PhD Research Project
The amount of DNA in the nucleus of a cell is commonly referred to as the genome size or C-value and scientists have been measuring this character in plants and animals for over 60 years. The C-value of an organism reflects the number of nitrogen and phosphorus atoms needed to build the DNA of every cell. Nitrogenous bases by mass are approximate 39% nitrogen (N, assuming a 1:1 ratio for purines and pyridines)(Sterner and Elser 2002) and nearly 9% phosphorus (P). Thus it is costly to build nucleic acids. Despite that cost, there is an astonishing 2,400-fold range in the C-values of angiosperms, the largest range of any eukaryotic group; with the smallest angiosperm reported being Genlisea aurea (1C = 0.0648 pg) and the largest angiosperm, indeed eukaryote is Paris japonica with a staggering 1C value of 152.3 pg DNA in each cell.
You will test the hypothesis that there are ecological costs to possessing large genomes, because of the higher investment into nucleic acids, which poses particular demands for the assimilation of phosphates and nitrates. You will determine whether available nutrients influence (i) the occurrence, distribution and abundance of plant species depending on their C-values; (ii) the abundance of polyploid species, i.e. those species where the genomes occur in multiple sets; and (iii) the amount of total C, N and P bound up in the plant biomass.

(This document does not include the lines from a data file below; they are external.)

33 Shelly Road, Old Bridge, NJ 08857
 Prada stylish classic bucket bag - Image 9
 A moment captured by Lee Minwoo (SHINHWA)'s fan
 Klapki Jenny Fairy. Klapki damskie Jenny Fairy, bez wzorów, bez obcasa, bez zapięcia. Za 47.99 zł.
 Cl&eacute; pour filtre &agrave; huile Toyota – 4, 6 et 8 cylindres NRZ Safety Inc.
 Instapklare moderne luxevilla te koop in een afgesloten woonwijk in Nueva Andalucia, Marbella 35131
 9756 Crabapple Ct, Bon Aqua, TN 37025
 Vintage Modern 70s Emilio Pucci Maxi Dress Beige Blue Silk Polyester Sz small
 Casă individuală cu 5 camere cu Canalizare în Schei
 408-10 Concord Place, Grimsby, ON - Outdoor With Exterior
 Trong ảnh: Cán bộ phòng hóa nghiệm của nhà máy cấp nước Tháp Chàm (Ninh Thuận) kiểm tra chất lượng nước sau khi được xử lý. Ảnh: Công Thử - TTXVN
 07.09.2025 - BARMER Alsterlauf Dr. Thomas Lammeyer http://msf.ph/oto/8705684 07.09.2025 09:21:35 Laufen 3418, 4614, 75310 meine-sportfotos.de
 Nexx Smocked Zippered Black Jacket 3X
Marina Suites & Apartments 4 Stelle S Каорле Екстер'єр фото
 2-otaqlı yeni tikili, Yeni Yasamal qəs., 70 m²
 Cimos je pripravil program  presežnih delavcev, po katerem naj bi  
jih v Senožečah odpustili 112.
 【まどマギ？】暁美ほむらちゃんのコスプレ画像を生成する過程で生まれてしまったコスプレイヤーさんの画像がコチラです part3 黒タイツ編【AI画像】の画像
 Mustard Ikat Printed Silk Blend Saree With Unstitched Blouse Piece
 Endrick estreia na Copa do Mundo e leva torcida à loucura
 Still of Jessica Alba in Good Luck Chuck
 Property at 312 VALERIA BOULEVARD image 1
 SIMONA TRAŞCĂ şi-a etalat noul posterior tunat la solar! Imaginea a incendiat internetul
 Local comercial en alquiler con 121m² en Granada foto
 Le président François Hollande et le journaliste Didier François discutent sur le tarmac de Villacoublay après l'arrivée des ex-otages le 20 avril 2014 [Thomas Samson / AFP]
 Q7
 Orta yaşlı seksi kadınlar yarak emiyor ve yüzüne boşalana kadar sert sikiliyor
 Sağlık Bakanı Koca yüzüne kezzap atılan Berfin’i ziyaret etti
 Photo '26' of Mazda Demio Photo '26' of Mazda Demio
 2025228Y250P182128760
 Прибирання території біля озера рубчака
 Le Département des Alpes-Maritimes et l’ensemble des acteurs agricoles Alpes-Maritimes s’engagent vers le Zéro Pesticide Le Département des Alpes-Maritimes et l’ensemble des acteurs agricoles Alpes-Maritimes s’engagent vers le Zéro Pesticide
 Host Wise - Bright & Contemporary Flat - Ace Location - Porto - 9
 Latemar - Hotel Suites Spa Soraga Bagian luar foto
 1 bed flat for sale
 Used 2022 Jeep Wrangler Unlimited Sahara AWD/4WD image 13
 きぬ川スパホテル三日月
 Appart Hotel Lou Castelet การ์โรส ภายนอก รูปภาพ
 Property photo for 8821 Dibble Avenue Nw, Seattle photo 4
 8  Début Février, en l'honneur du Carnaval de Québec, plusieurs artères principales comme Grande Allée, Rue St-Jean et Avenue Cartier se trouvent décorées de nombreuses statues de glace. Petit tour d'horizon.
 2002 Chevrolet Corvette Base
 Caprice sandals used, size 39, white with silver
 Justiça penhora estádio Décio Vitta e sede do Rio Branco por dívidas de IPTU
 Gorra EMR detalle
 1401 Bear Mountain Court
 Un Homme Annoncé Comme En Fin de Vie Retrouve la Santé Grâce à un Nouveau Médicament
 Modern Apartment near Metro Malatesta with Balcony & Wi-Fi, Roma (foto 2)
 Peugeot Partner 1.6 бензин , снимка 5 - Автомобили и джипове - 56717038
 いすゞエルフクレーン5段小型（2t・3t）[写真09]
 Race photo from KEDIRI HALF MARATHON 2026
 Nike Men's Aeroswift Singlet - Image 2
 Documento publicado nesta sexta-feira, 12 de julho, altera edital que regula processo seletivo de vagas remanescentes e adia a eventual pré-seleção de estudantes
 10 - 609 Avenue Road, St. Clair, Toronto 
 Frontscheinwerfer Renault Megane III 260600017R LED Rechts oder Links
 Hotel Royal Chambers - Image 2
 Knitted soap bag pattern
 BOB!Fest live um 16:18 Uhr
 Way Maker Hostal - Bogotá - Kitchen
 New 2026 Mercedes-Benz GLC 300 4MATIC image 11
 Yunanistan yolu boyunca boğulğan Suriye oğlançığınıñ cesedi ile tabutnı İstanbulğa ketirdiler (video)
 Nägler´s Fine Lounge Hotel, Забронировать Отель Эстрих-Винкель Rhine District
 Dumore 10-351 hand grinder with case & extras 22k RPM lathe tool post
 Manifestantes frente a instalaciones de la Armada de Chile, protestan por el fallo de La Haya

(i) Data acquisition and analysis. Large datasets already exist showing (i) plant distributions, (ii) C-value measurements, (iii) plant ploidy levels, (iv) angiosperm phylogenies, and (v) canopy heights. You will source these data and obtain new data, and organize them into relational databases so that you can derive new information and insights.
(ii) Field-work. You will need to source new knowledge of C-values and ploidy levels at particular field sites. This will require training in fieldwork skills, e.g. collecting, vouchering and site recording.
(iii) C-value measurements. You will need to obtain new chromosome and C-values measurements and thus you will need to obtain skills in cytogenetics and flow cytometry.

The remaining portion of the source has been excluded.